Morality and the Individual
“Morality is the herd-instinct in the individual.” -Friedrich Nietzsche
How would someone’s morals be if they were raised in a place where one gets away with almost anything? Would they be altruistic? Would they be egocentric? How would a game of tit-for-tat look like? Who would win in a prisoner’s dilemma?
Such is the world of S- orphaned at an early age, neglected by caregivers, he grew up in the streets, or in and out of institutions, schools; never had a childhood, never a stable school where he could learn how to function in a society, or a home he could call his own.
The evident function of morality is to promote social harmony so that we’re not at each other’s throat. A moral structure for example, of rules and punishment or rewards such as medals or social validation, enables us to function as a society. According to Kohlberg, a person goes through stages of moral development from early childhood. The first is the pre-conventional level where the individual lives to avoid punishment and fulfill their self-interest.
Perhaps never having a stable relationship all throughout his childhood stunted S’s moral development onto the next stages of development. In and out of lockups and rehabs and juvenile centers, he does not show much regard for others, nor does he show the need to please others or the ability to get into a stable social contract. He has difficulty building trust; and from a deeper conversation reveals, that he feels alone in life and feels suicidal at times.
But morality has its limitation. The word morality carries a connotation, a feeling of rules and standards and criteria, a level in which morality can only bring surficial change and can only be as powerful as the powers that enforce it.
Self-integrity (more in line with the sixth stage of Kohlberg) as opposed to morality fosters the individual and not just the collective. The individual might lose their individuality if they simply adopt the moral structures given by their surroundings i.e., culture, religion, law. They might even lose or never develop the sense of what’s wrong or right and go along with the social conventions or laws that are questionable. They might simply conform to the values rather than build their own.
As an individual who discovers their own values and perception, conventional although socially accepted ways can be tyrannical, for example in the case of Galileo, he was tried for suggesting that the solar system was heliocentric, i.e., the planets revolve around the sun.

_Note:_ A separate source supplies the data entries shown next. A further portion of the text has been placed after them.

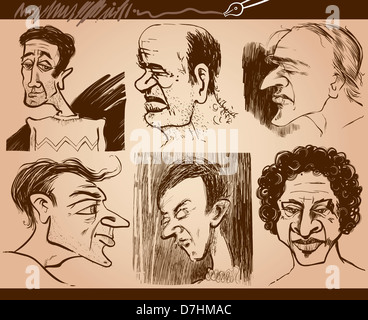 Cartoon Illustration de personnes fait face à la caricature Dessins Set Banque D'Images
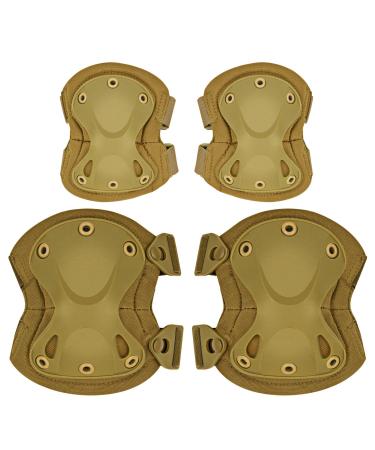 ArcEnCiel Tactical Combat Knee & Elbow Protective Pads Guard Set Tan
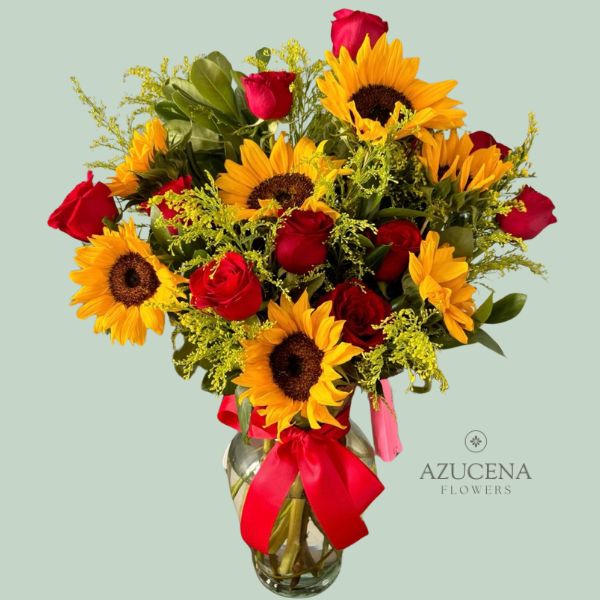 Florero con Rosas y Girasoles — Azucena Florería
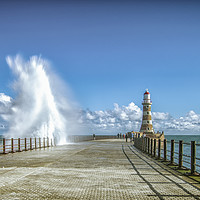 Buy canvas prints of waves over Roker by andrew blakey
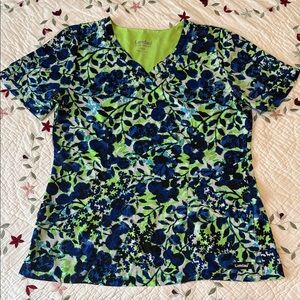 Landau Women's Short Sleeve Top - Navy and Lime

The individual who moves away from the convention risks being isolated, risks their safety and even risks opposition.
But to develop as an individual, to develop a personal value that encompasses empathy and see another person as an autonomous being who just as them, is able to feel and reflect, one has to develop a form of impartial self-honest morality that doesn’t depend on rules, conventions or simply on forces outside of themselves.